宇宙戦争のミミズ式SGキネマ倶楽部のレビュー・感想・評価

宇宙戦争(2005年製作の映画)
4.4
「マイノリティ・リポート」に次いで2回目のスピルバーグとトム・クルーズのタッグが見られる本作。結論から言うと最高のSF映画ですね。

 序盤の嵐からスタートし、雷が落ちたと思ったら地中から異星人のトライポッドが出現。畳みかける様に恐怖映像がスタートしていきます。ビームにより一瞬で消し去られる人間と逃げ惑うパニックに陥った人間とを迫力満点の映像で撮っているのは、さすがスピルバーグの手腕でしょう。中盤からは、血を吸い何かの植物の養分にするシーンや、姿を現す宇宙人など、ダレることなく新鮮な恐怖場面をちりばめていきます。

 トム・クルーズと娘役のダコタ・ファニングの演技も最高でしたね。ダコタ・ファニングの恐怖でゆがむ表情もさすがでしたが、今作はやはりトム・クルーズの演技が光っています。他作品では、ヒーローとして果敢に戦う役割の多いトムですが本作では宇宙人の前に手も足も出ず(一応撃破シーンはありますが)翻弄される姿を映し、新鮮な感じ。そして何より「子育て」という強敵。思春期の息子とコミュニケーションを取ろうとするものの全くうまくいかず、ボールで窓ガラスを割るトム、子供がピーナッツアレルギーであることも知らず、ついには窓にパンを投げつけるトム。子供に名前を呼び捨てにされるトム。クライマックスまでダメ親父を演じ続けています。トム主演作には珍しい配役と演技ですね。

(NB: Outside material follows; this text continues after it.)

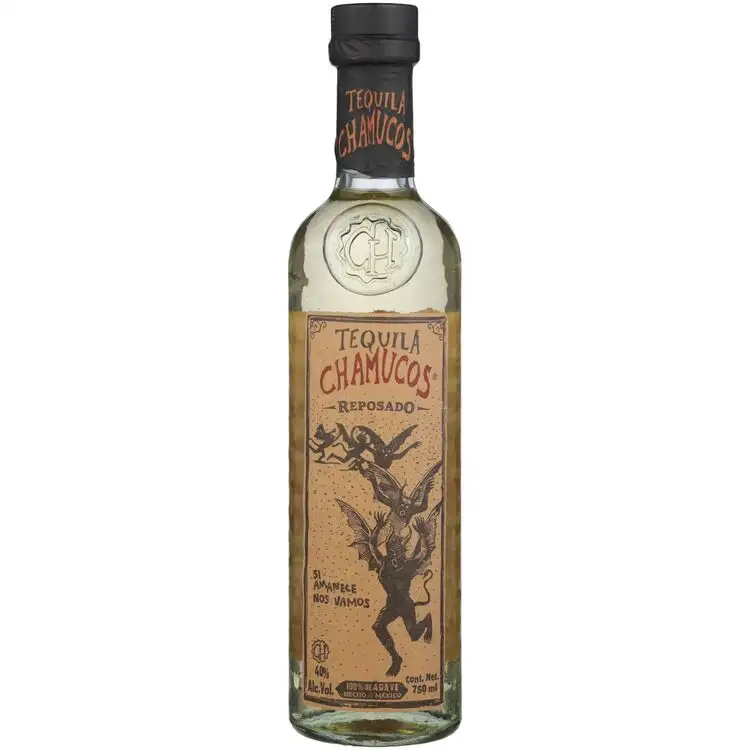 Chamucos Tequila Combo 1 Each Blanco 80 Reposado Anejo
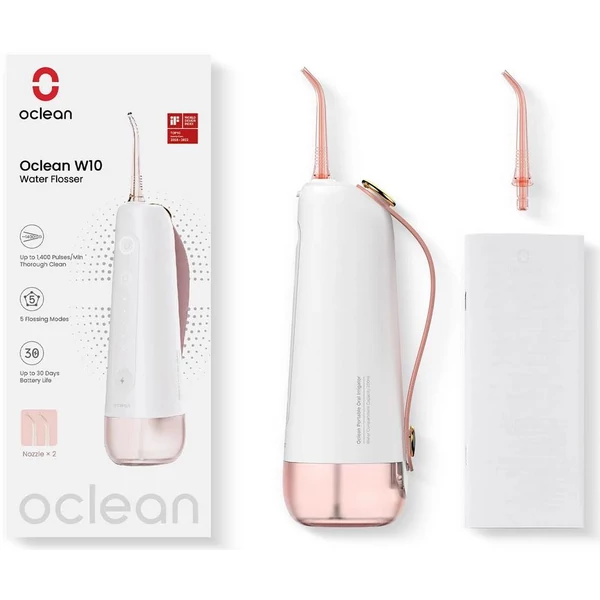Oclean szájöblítő W10 Pink NEW-2 - OCL555752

 総じてスピルバーグの本領発揮ともいえる恐怖・パニック映像の畳みかけ。トム・クルーズの新鮮な演技。それが組み合わさって最高のエンターテイメント作品になっていると思います。「フェイブルマンズ」が公開された今、スピルバーグ作品を振り返るのに最適な一本といえるでしょう。もちろんおすすめです。